Lage Polen, Oberschlesien
Koordinaten 50° 27′ 0″ N, 18° 10′ 0″ OKoordinaten: 50° 27′ 0″ N, 18° 10′ 0″ O
St. Annaberg (Polen)
St. Annaberg (Polen)

Früher hieß der Góra Świętej Anny „Chelmberg“, später wurde er Sankt Georgenberg genannt. Dies beweisen verschiedene Dokumente; beispielsweise wurde der Berg im Jahre 1657 als „Monte Georgi vulgo Chelm“ bezeichnet. Die Klosterchronik aus dem Jahre 1665 verzeichnete den Namen „Monte Chelm“, im Protokoll einer Visitation von 1679 wurde die Bezeichnung „monte Chelm“ verwendet. Auf einer Schlesierkarte von 1561 steht der Name „S. Georgenberg“ und 1712 „Georgenberg“. Der jetzige Name, der mit dem Kult der Heiligen Anna verbunden ist, erschien erst später.

Geschichte

Kloster und Wallfahrtsstätte

Die geschriebene Geschichte von Góra Świętej Anny begann im 15. Jahrhundert. Um 1480 liehen Krzysztof Strela, der damalige Herr auf Poremba (Poręba), und sein Sohn Krystek eine große Summe Geld, wahrscheinlich um eine Kirche auf dem ihnen gehörenden Berggipfel zu errichten. Kraft eines vom Breslauer Bischof Johannes Thurzo am 25. Juni 1516 unterschriebenen Dokuments übergab der Herr auf Poremba, Mikołaj Strela, die St. Annakirche auf dem Chelmberg dem Pfarrer der Pfarrei von Leschnitz zur Pflege. Der Berg wurde sehr schnell Ziel vieler Wallfahrten. Sein Rang wurde noch durch die Übergabe der St. Anna-Reliquien von Mikołaj Kochcicki - Besitzer von Ujest (Ujazd) - gehoben.
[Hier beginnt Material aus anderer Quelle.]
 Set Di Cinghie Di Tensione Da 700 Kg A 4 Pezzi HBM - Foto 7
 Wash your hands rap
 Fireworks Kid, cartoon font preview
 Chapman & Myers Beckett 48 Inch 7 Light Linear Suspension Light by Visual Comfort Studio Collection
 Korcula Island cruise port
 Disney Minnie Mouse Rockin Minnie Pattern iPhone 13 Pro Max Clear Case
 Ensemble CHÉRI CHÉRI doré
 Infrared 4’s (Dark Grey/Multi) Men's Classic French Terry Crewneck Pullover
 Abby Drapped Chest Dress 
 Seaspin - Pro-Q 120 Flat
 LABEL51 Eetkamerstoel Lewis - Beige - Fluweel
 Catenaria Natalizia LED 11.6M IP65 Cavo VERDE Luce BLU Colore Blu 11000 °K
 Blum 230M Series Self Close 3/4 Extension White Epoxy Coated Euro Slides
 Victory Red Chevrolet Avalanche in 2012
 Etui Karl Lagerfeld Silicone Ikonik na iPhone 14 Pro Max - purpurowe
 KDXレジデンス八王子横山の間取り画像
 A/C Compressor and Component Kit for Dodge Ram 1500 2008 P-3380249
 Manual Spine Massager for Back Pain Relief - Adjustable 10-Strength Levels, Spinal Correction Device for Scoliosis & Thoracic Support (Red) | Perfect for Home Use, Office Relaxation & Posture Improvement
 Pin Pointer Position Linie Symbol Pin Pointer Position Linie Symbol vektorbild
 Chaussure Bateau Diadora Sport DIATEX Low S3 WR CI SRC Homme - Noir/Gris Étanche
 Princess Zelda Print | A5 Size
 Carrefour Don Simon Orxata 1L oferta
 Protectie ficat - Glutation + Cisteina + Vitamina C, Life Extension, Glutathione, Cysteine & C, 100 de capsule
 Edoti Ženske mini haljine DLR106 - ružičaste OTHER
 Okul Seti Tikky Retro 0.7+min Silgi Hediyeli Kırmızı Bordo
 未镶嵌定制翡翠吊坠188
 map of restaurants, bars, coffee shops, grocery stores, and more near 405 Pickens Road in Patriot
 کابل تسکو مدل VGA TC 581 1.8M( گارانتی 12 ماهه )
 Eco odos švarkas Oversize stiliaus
Die weitere Entwicklung dieser Ortschaft war mit dem Schicksal der aus Wieluń stammenden Familie von Gaschin verbunden. 1631 wurden sie Besitzer von Zyrowa, und 1637 kauften sie Poremba samt dem St. Annaberg hinzu. Graf Melchior Ferdinand von Gaschin wollte auf St. Annaberg die Franziskaner ansiedeln. Zu diesem Zweck wandte sich mehrmals an die Reformatoren in Krakau, die schon damals ein Kloster in Gleiwitz(Gliwice) besaßen. Seine Bitte wurde aber abgelehnt. Erst während des schwedischen Überfalls wurden die Franziskaner gezwungen, ihre Klöster in Krakau und Lemberg zu verlassen und in Schlesien Zuflucht zu suchen. Damals wurde die Entscheidung getroffen, die Kirche auf dem St. Annaberg den Franziskanern zu übergeben. Am 1. November 1655 trafen unter der Führung von Pater Franciszek Rychłowski 22 Mönche ein. Anfangs wohnten sie in Leschnitz. Graf von Gaschin schenkte ihnen den Platz für Kloster und Garten und sicherte Mittel für Ausbau der bisherigen Kirche. Seit dem 6. August 1656 befand sich die Kirche offiziell unter Aufsicht und Sorge der Franziskaner. Am 16. Juni 1657 wurde die Spendenabmachung vom polnischen König Johann II. Kasimir (Jan Kazimierz) bestätigt, der zu dieser Zeit das Oberhaupt des Herzogtums Ratibor-Oppeln war.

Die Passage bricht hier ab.